US stocks have climbed on more signs of slowing inflation in North America, but pared gains after a Russian missile attack on Ukraine killed two people in Poland. 

The Euro extended its losses against the US dollar after the Russian missile attack.

Earlier the US market was boosted after economic data showed that inflation in North America was continuing to ease, raising hopes that the US central bank would cool the pace of interest rate rises. 

The producer price index for final demand increased 0.2 per cent in October, and by 8 per cent over the year, which was less than expected. 

Producer prices are a measure of business inflation and reflect the prices paid to producers.

Consumer inflation has also pulled back in the  US and is running at an annual rate of 7.7 per cent because of the Federal Reserve’s steep rate hikes. 

That news drove a big rally last week. 

An earnings report from retail giant Walmart also boosted sentiment overnight. 

The retailer raised its annual sales and profit forecasts thanks to demand for groceries despite higher prices. 

It announced a $US20 billion ($29.5 billion) share buyback plan which saw its shares rise 7.5 per cent. 

The major indices came off their highs during the session.  

The S&P 500 index gained 0.9 per cent, to 3,991, while the Nasdaq jumped 1.7 per cent, to 11,390 at 7:15am AEDT. 
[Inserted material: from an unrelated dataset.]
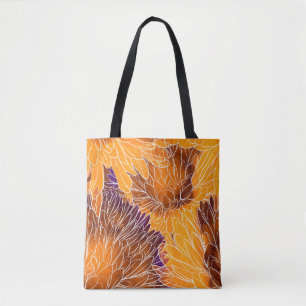 Japanese Chrysanthemum: Watercolor Seamless Patter Tote Bag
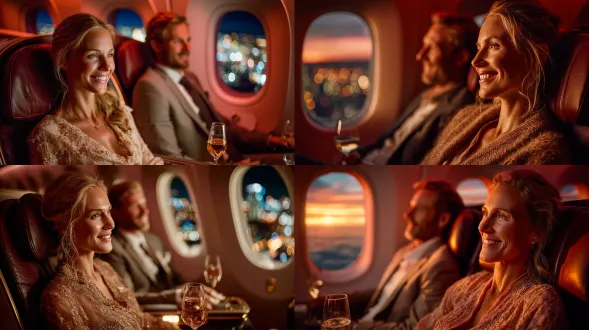 卡塔尔航空波音787-8商务舱，现代奢华内饰，皮革座椅，金色装饰，窗外俯瞰多哈城市天际线，黄昏时分，暖色调，玻璃反光，摩天大楼灯光闪烁，商务人士放松姿态，优雅微笑，超广角镜头，浅景深，高动态范围，柔和的机舱灯光，城市夜景，渐变色调，宁静氛围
The Dow Jones index was up 0.2 per cent, to 33,592 in a choppy session. 

Wall Street is higher for the third day in the last four trading sessions. 

The Australian dollar rose 1.1 per cent overnight, and at 7:15am AEDT was buying about 67.71 US cents. 

The Australian market is set to open slightly higher with the ASX SPI 200 index up 0.1 per cent, at 7,162.

European markets 

The softer-than-expected inflation numbers in the US also boosted confidence in Europe. 

Other figures showed that the Eurozone economy expanded by 0.2 per cent from the previous quarter from July to September. 

Gross domestic product came in at 2.1 per cent over the year. 

However, the European Commission expected the economy to shrink this quarter and into next year because of the energy crisis and rising interest rates. 

The FTSE 100 fell 0.2 per cent, to 7,369, the DAX in Germany rose 0.5 per cent, to 14,379, and the CAC 40 in Paris put on 0.5 per cent, as well to 6,642. 

Brent crude rose more than 1 per cent, to above $US94 a barrel on news that oil supply to Hungary via the Druzhba oil pipeline was temporarily suspended because of a fall in pressure. 

Spot gold gained 0.4 per cent, to $US1,779 an ounce.